Both classes inherit from Python's ABC (Abstract Base Class) and provide no-op default implementations for all methods, allowing subclasses to override only the hooks they need.
Usage
Use TrainerCallback when implementing custom callbacks that respond to training lifecycle events in a Ray-based detached trainer. Use MakerCallback when implementing custom callbacks for the experience maker holder. Subclass the appropriate class and override the desired hook methods.
Code Reference
Source Location
- Repository: Hpcaitech_ColossalAI
- File: applications/ColossalChat/coati/ray/callbacks/base.py
- Lines: 1-65
Signature
class TrainerCallback(ABC):
def on_fit_start(self) -> None: ...
def on_fit_end(self) -> None: ...
def on_episode_start(self, episode: int) -> None: ...

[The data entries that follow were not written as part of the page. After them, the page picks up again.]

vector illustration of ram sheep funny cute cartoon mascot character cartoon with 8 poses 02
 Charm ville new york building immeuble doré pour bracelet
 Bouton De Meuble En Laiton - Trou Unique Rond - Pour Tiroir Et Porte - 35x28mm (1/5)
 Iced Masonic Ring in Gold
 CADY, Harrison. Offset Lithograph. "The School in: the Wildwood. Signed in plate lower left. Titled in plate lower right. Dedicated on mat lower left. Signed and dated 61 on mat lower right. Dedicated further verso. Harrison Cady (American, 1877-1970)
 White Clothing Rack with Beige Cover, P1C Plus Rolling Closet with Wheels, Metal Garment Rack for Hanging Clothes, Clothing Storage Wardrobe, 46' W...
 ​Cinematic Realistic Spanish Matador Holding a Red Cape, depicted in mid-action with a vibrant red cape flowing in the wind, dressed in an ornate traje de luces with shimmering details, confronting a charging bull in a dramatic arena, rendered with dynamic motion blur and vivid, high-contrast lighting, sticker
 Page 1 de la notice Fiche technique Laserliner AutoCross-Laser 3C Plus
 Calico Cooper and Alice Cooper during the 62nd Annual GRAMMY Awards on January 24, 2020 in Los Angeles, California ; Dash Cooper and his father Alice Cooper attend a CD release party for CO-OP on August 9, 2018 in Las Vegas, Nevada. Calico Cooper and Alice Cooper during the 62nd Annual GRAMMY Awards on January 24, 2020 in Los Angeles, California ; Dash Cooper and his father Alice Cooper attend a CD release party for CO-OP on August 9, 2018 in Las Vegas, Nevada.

def on_episode_end(self, episode: int) -> None: ...
def on_epoch_start(self, epoch: int) -> None: ...
def on_epoch_end(self, epoch: int) -> None: ...
def on_batch_start(self) -> None: ...
def on_batch_end(self, metrics: dict, experience: Experience) -> None: ...
def on_update_start(self) -> None: ...
def on_update_end(self) -> None: ...
class MakerCallback(ABC):
def on_loop_start(self) -> None: ...
def on_loop_end(self) -> None: ...
def on_make_experience_start(self) -> None: ...
def on_make_experience_end(self, experience: Experience) -> None: ...
def on_send_start(self) -> None: ...
def on_send_end(self) -> None: ...
def on_batch_start(self) -> None: ...
def on_batch_end(self) -> None: ...
Import
from coati.ray.callbacks.base import TrainerCallback, MakerCallback
I/O Contract
Inputs (TrainerCallback)
| Name | Type | Required | Description |
|---|---|---|---|
| episode | int | No | Episode index passed to on_episode_start/end |
| epoch | int | No | Epoch index passed to on_epoch_start/end |
| metrics | dict | No | Training metrics dict passed to on_batch_end |
| experience | Experience | No | Experience object passed to on_batch_end |
Inputs (MakerCallback)
| Name | Type | Required | Description |
|---|---|---|---|
| experience | Experience | No | Experience object passed to on_make_experience_end |
Outputs
| Name | Type | Description |
|---|---|---|
| return | None | All callback methods return None |
Usage Examples
from coati.ray.callbacks.base import TrainerCallback
from coati.experience_maker import Experience
class LoggingCallback(TrainerCallback):
def on_batch_end(self, metrics: dict, experience: Experience) -> None:
print(f"Batch metrics: {metrics}")
def on_fit_end(self) -> None:
print("Training complete.")